Download images locally to start training

In [1]:
# Import cell
import requests
import os
import shutil


In [2]:
# params
# eventually these will go in the .env etc but keep here for now
API_XAPP_TOKEN = ''

In [3]:
# Get 1000 artworks

url = 'https://api.artsy.net/api/artworks'
params = {'size':'500',
          #'offset':'201',
          'xapp_token':API_XAPP_TOKEN}
response = requests.get(url,params=params).json()
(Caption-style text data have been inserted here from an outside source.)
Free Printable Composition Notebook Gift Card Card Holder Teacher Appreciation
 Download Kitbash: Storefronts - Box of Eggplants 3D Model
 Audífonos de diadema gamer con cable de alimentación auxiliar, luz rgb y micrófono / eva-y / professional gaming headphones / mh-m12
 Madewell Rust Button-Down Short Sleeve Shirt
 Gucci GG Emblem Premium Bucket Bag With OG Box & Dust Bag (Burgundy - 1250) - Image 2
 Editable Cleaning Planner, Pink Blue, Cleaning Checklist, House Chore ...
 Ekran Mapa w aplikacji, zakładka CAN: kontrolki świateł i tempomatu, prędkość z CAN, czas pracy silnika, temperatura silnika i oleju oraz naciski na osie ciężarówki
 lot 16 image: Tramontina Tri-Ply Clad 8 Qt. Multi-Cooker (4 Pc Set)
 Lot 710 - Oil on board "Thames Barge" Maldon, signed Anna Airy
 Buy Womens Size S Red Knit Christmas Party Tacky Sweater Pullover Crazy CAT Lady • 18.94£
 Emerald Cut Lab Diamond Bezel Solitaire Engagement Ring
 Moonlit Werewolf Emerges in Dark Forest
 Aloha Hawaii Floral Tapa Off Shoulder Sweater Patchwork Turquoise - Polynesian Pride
# get list of artworks only
artworks = response['_embedded']['artworks']

In [4]:
# iterate through artworks and get relevant info
artworks_ = []
for artwork in artworks:
    artwork_dict = {}
    artwork_dict['artwork_id'] = artwork['id']
    artwork_dict['title'] = artwork['title']
    artwork_dict['category'] = artwork['category']
    artwork_dict['medium'] = artwork['medium']
    artwork_dict['date'] = artwork['date']
    artwork_dict['height_cm'] = artwork['dimensions']['cm']['height']
    artwork_dict['width_cm'] = artwork['dimensions']['cm']['width']
    artwork_dict['depth_cm'] = artwork['dimensions']['cm']['depth']
    artwork_dict['diameter_cm'] = artwork['dimensions']['cm']['diameter']
    artwork_dict['collecting_institution'] = artwork['collecting_institution']
    # not every artwork has images so use try except
    try:
        artwork_dict['image_versions'] = artwork['image_versions']
        artwork_dict['image_url'] = artwork['_links']['image']['href']
        artwork_dict['image_url_is_template'] = artwork['_links']['image']['templated']
    except:
        artwork_dict['image_versions'] = None
        artwork_dict['image_url'] = None
        artwork_dict['image_url_is_template'] = None
    artworks_.append(artwork_dict)
    
# iterate through artworks and get list of image urls
for artwork in artworks_:
    image_urls = {}
    if artwork['image_url_is_template']:
        for version in artwork['image_versions']:
            image_urls[version] = artwork['image_url'].replace("{image_version}",version)
    artwork['image_url_all'] = image_urls

In [11]:
has_medium_list = []
for artwork in artworks_:
    if artwork['image_versions']:
        has_medium_list.append('medium' in artwork['image_versions'])
    else:
        has_medium_list.append(False)
            

In [14]:
[artwork for ix,artwork in enumerate(artworks_) if not has_medium_list[ix]]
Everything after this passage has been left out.